In a geopolitical moment when others turn inward or seek to weaken standards, the EU remains well placed to lead by example. The sustainability reporting and due diligence frameworks are an opportunity to reinforce Europe’s global edge in sustainable finance, and to make our economic model more competitive precisely because, unlike any other, it is values-driven.
For now, the SFDR and CSRD remain a transparency tool. They reflect the EU’s longstanding commitment to not just creating wealth and welfare, but to considering how that wealth is generated, ensuring it is done in a way that is fair, future-proof, and consistent with our shared values.
If, in the future, the EU wishes to go further by using legislation not just to enable investor appetite, but to shape it, then it will need to move beyond disclosure and adopt a more proactive “carrot and stick” model: rewarding investment in genuinely sustainable activities with financial advantages (such as preferential lending rates or regulatory incentives), while discouraging harmful practices through meaningful costs or constraints.
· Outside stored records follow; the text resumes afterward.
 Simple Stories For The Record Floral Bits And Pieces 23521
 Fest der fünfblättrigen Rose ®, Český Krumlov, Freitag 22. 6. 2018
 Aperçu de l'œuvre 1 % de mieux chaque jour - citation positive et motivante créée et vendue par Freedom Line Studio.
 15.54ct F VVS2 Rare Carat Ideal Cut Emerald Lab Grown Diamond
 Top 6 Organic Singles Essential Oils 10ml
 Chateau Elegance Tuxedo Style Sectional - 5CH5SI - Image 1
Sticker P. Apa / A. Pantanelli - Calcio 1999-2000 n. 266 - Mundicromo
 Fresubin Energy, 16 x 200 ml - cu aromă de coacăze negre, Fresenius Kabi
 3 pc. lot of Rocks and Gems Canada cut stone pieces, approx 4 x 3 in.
The Carbon Border Adjustment Mechanism (CBAM) is a good example of how to rebalance trade incentives in favour of low-carbon production.
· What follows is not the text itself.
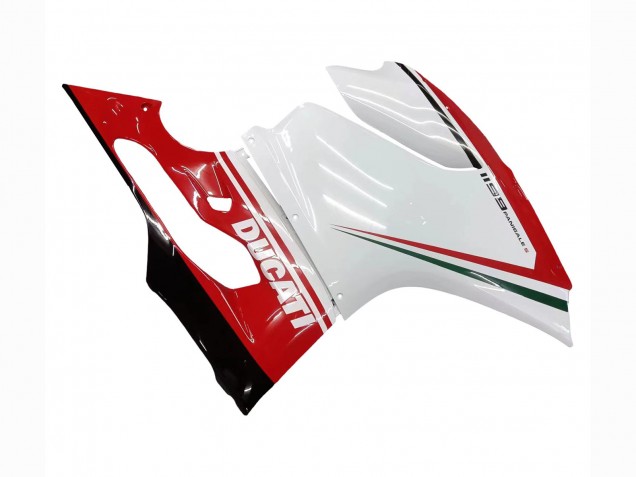 2011-2014 Ducati 1199 Motorcycle Fairings - White Red Green Glossy Black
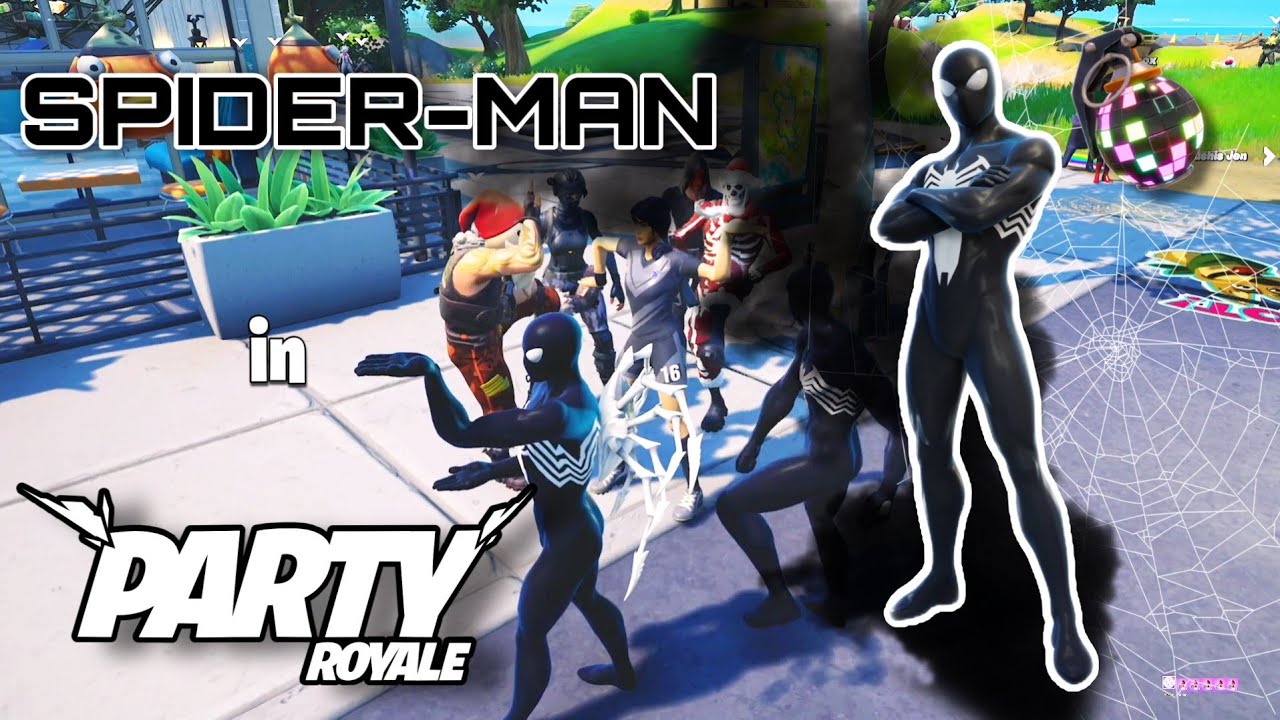 Copying Everyone with the NEW Spiderman Skin in Party Royale! (Rare Emotes)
The political momentum to dilute the EU’s sustainability framework risks trading short-term administrative relief for long-term structural vulnerability. The CSRD and SFDR enable investors to manage risk, firms to future-proof their operations, and public institutions to monitor systemic exposures. Without reliable, comparable ESG data, transition finance becomes guesswork, and climate-related risks are left to build up unmitigated until they become unmanageable.
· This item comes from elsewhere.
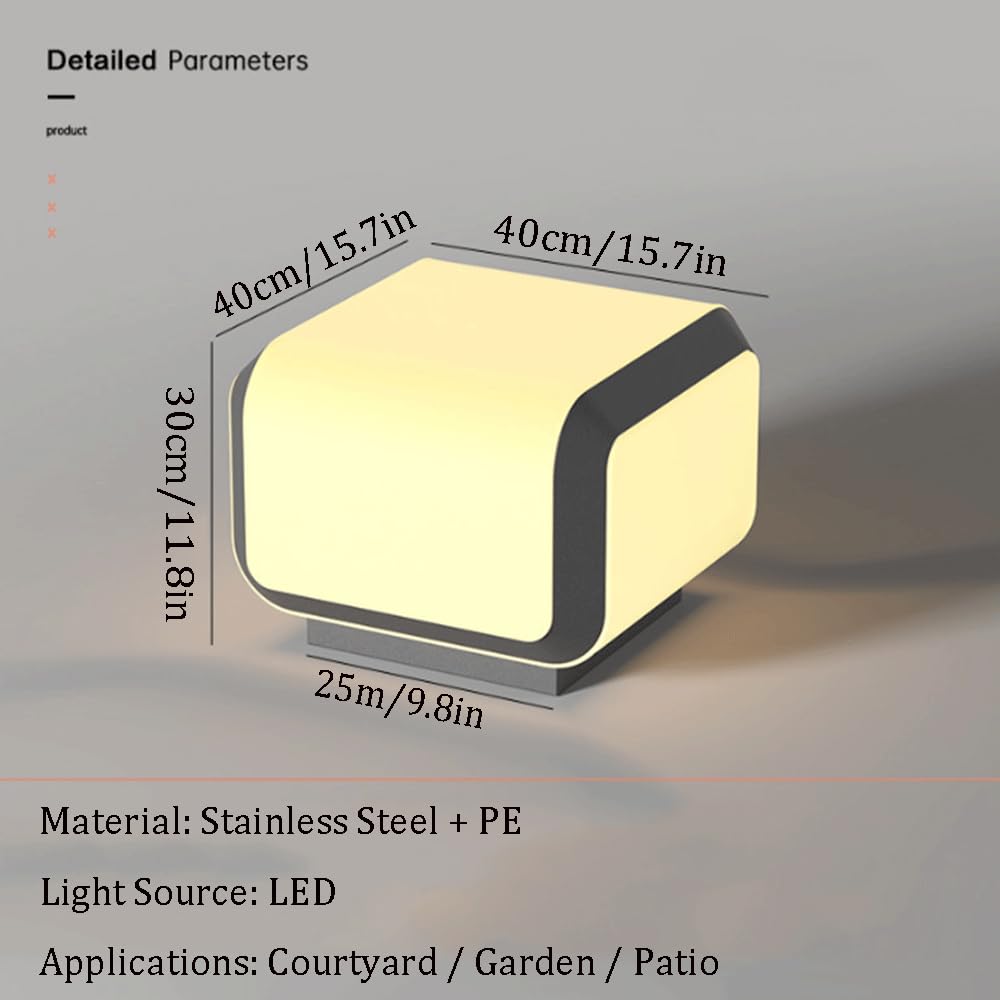 Lampada Da Esterno Classica Impermeabile Con Cablaggio Fisso, Resistente Alle Intemperie, Ideale Per Cancelli, Recinzioni, Cortili, Ville, Patii, Giardini E Paesaggi.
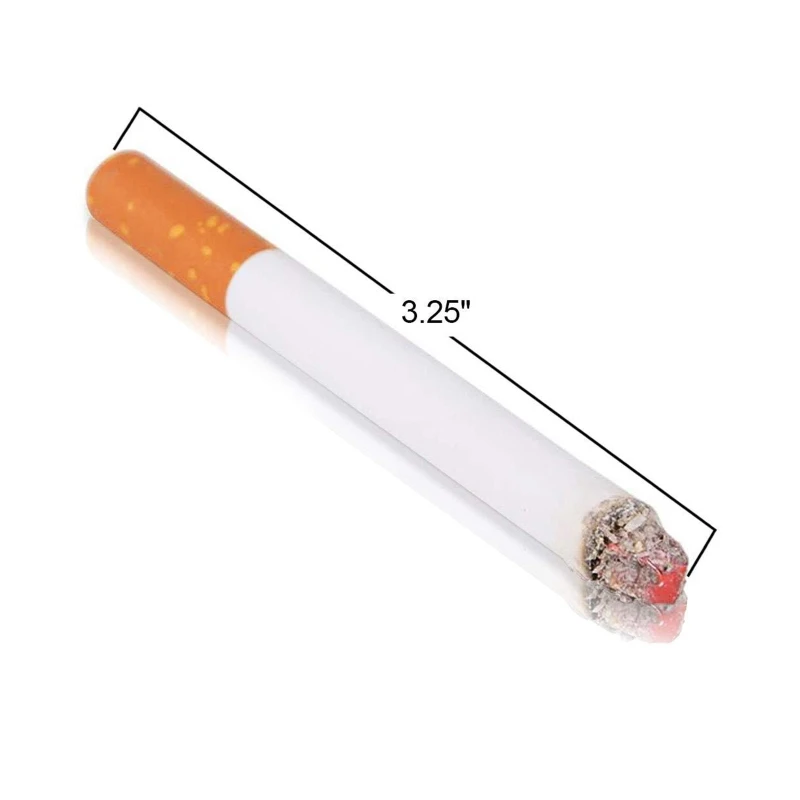 Juguete de cigarrillo falso para niños y adultos, accesorios delicados, truco de cigarrillo realista, papel hecho para aliviar el estrés, 2 piezas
If the goal is to ensure European competitiveness, then dismantling the tools that allow markets to function with foresight and integrity is the wrong starting point. Sustainability has always been about anticipating tomorrow’s constraints and turning them into today’s opportunities. Weakening these directives now may delay some costs, but it also delays the transition and increases the price we’ll pay when climate and social risks inevitably return to the top of the agenda.